[Scraped caption text data]
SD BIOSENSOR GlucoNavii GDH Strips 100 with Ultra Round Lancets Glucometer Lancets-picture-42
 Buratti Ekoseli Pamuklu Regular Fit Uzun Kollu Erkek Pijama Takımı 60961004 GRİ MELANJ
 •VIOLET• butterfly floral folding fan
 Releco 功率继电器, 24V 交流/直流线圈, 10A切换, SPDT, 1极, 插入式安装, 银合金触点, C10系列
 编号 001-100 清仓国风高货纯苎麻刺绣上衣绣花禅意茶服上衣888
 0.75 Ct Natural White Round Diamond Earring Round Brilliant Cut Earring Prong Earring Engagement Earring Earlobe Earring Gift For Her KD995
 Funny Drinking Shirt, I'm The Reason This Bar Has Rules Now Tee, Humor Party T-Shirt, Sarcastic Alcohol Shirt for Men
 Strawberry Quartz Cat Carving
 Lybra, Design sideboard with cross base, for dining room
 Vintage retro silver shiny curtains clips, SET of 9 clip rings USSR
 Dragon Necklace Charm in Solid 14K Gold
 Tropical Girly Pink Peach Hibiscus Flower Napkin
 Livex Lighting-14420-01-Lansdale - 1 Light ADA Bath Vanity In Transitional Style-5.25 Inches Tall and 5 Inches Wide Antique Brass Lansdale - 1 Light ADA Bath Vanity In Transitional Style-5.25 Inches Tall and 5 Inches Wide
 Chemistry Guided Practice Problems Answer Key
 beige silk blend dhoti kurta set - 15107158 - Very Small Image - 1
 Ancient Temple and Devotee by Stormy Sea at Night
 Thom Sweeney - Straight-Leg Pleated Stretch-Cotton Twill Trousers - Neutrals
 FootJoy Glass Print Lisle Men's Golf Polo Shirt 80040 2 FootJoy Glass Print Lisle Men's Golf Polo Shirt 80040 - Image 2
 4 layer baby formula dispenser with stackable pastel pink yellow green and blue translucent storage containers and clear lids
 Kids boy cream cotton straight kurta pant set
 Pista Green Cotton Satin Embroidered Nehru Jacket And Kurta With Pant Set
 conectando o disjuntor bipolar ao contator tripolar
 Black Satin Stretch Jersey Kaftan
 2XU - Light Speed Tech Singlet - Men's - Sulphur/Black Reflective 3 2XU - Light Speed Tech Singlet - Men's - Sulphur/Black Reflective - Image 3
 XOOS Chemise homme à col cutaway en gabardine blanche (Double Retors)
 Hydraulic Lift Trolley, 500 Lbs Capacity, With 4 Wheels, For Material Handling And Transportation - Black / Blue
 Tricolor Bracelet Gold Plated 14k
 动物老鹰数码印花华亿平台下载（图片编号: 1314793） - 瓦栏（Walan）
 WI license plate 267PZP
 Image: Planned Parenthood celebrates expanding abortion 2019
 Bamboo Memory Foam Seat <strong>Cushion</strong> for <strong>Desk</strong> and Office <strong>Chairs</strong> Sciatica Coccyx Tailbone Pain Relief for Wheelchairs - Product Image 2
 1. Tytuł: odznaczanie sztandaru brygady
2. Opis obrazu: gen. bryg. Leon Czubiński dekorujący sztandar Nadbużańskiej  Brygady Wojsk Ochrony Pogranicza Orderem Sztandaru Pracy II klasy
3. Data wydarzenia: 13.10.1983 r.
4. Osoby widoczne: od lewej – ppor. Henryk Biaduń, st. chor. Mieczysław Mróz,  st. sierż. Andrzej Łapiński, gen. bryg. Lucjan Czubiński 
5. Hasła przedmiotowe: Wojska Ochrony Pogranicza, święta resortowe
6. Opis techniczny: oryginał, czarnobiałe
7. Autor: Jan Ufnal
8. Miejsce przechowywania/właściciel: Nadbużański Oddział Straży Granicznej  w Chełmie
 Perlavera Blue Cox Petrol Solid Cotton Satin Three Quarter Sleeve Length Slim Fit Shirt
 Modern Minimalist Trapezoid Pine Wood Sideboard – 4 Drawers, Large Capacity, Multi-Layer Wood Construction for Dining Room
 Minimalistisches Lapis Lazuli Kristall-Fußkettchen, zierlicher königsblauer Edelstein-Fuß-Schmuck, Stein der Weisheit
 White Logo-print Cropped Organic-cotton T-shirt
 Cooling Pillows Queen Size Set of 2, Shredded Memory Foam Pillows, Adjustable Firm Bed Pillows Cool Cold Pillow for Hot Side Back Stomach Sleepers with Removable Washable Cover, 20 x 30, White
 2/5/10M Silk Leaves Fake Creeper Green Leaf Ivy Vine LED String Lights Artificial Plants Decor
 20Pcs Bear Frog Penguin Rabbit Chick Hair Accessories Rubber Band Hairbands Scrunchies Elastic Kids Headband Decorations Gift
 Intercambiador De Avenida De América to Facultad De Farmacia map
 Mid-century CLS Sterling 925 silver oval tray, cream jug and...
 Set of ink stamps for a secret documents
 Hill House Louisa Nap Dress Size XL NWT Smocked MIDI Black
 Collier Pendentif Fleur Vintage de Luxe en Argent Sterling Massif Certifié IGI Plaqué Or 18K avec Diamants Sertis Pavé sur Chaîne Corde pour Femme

#### [PROBLEM TO SOLVE]
Copy word for word the stretch of entries above from the line that has "Minimalistisches Lapis Lazuli" through the line that has "20Pcs Bear Frog", both ends included, and nothing outside it.

#### [ANSWER TO THIS PROBLEM]
 Minimalistisches Lapis Lazuli Kristall-Fußkettchen, zierlicher königsblauer Edelstein-Fuß-Schmuck, Stein der Weisheit
 White Logo-print Cropped Organic-cotton T-shirt
 Cooling Pillows Queen Size Set of 2, Shredded Memory Foam Pillows, Adjustable Firm Bed Pillows Cool Cold Pillow for Hot Side Back Stomach Sleepers with Removable Washable Cover, 20 x 30, White
 2/5/10M Silk Leaves Fake Creeper Green Leaf Ivy Vine LED String Lights Artificial Plants Decor
 20Pcs Bear Frog Penguin Rabbit Chick Hair Accessories Rubber Band Hairbands Scrunchies Elastic Kids Headband Decorations Gift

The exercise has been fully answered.